I can't seem to wrap my mind around the concept of normalization. I am hoping these examples will clarify my understanding.
- If I have a variable A (which has 3 values eg something like A = Sunny, Rainy, Snowy) and 6 variables B, C, D and E, F, G (each have n values lets say) that depend on A. Then would the normalization factor be 1/ all values of A?
- Does the normalization factor always correspond to 1 over sum of all the values of the variable before the bar(in this case X) for P(X|Y, Z, W) If yes, why? If not, how do we decide the normalization factor?
By the definition of conditional probability: For any discretely distributed random variables $X,Y,Z,W$, we have (so long as $\mathsf P(Y{=}y,Z{=}z,W{=}w)>0$) that:$$\mathsf P(X{=}x\mid Y{=}y,Z{=}z,W{=}w)=\dfrac{1}{\mathsf P(Y{=}y,Z{=}z,W{=}w)}\cdot \mathsf P(X{=}x,Y{=}y,Z{=}z,W{=}w)$$
This fraction is called a normalising factor, because it ensures that the conditional probability mass function will have the normal behaviour of a probability mass function: ie We require the sum of probability mass functions over all possible states of $X$ to equal one.
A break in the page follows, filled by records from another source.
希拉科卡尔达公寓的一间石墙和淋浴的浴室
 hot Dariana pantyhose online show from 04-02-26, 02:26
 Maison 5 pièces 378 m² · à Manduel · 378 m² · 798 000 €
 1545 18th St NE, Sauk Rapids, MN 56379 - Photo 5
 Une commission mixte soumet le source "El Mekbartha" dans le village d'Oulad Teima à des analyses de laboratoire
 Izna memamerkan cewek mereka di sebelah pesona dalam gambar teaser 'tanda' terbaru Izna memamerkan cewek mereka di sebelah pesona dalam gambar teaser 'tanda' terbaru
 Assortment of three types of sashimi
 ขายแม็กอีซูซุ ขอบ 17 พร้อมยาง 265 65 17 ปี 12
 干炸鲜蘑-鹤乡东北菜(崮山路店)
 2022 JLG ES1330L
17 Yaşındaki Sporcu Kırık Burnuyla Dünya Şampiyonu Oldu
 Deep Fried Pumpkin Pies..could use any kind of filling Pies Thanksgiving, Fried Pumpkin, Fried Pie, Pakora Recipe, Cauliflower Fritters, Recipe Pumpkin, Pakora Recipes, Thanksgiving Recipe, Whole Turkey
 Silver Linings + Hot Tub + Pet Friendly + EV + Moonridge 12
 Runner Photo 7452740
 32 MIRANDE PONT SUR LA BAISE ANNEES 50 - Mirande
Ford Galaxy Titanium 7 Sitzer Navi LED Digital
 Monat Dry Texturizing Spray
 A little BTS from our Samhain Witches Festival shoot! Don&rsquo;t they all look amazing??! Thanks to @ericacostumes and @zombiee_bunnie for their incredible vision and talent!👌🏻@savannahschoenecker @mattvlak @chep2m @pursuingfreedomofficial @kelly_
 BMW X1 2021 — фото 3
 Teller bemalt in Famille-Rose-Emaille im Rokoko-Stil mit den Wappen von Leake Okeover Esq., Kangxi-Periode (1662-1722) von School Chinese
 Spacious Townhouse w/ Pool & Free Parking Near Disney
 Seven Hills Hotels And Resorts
$$\begin{align}1&=\sum_{x\in X(\Omega)}\mathsf P(X{=}x\mid Y{=}y,Z{=}z,W{=}w)\\[2ex]&=\dfrac{1}{\mathsf P(Y{=}y,Z{=}z,W{=}w)}\cdot \sum\limits_{x\in X(\Omega)}\mathsf P(X{=}x,Y{=}y,Z{=}z,W{=}w)\end{align}$$
Of course, this works because the Law of Total Probability states:
$$\mathsf P(Y{=}y,Z{=}z,W{=}w)=\sum\limits_{x\in X(\Omega)}\mathsf P(X{=}x,Y{=}y,Z{=}z,W{=}w)$$
(Really, they are all just different ways of expressing the same thing.)